= Collected material =
○ ○ ○ ○ ○ ○ ○

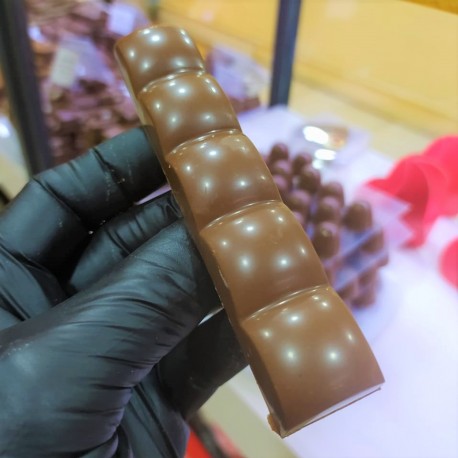 Tronco de chocolate amargo 70% relleno con menta.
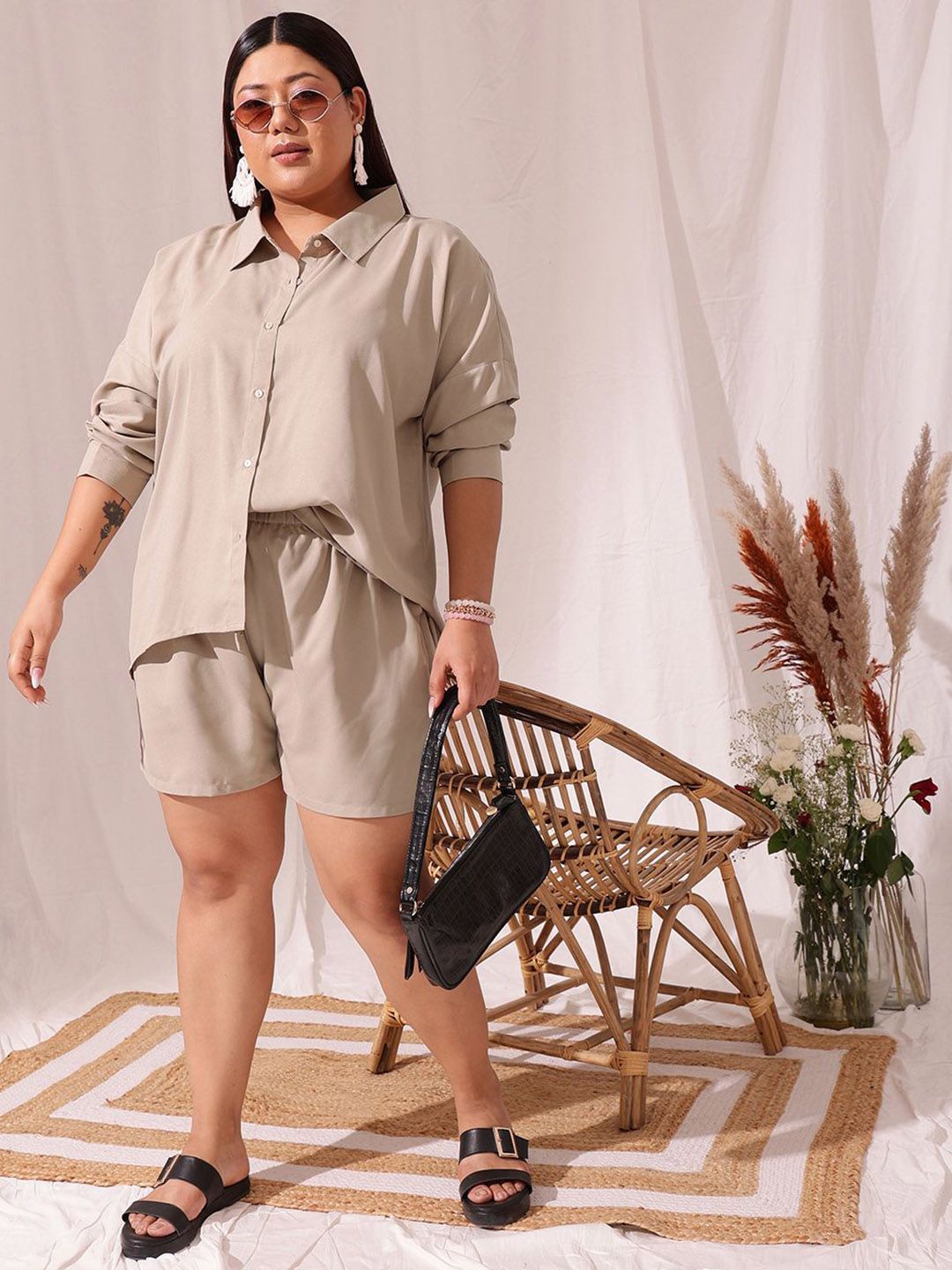 CURVY STREET Plus Size Long Sleeves Shirt With Shorts
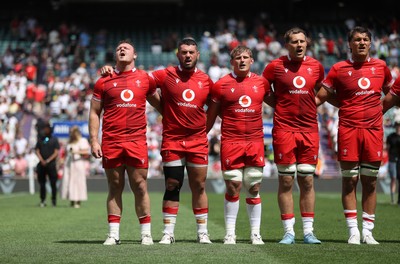 270626 - Barbarians v Wales - Friendly - Wales sing the anthem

○ ○ ○ ○ ○ ○ ○

= Aim of the task =
Retype each line of the listing above word for word. Exclude the pictures.

= Answer space =
 Tronco de chocolate amargo 70% relleno con menta.
 CURVY STREET Plus Size Long Sleeves Shirt With Shorts
 270626 - Barbarians v Wales - Friendly - Wales sing the anthem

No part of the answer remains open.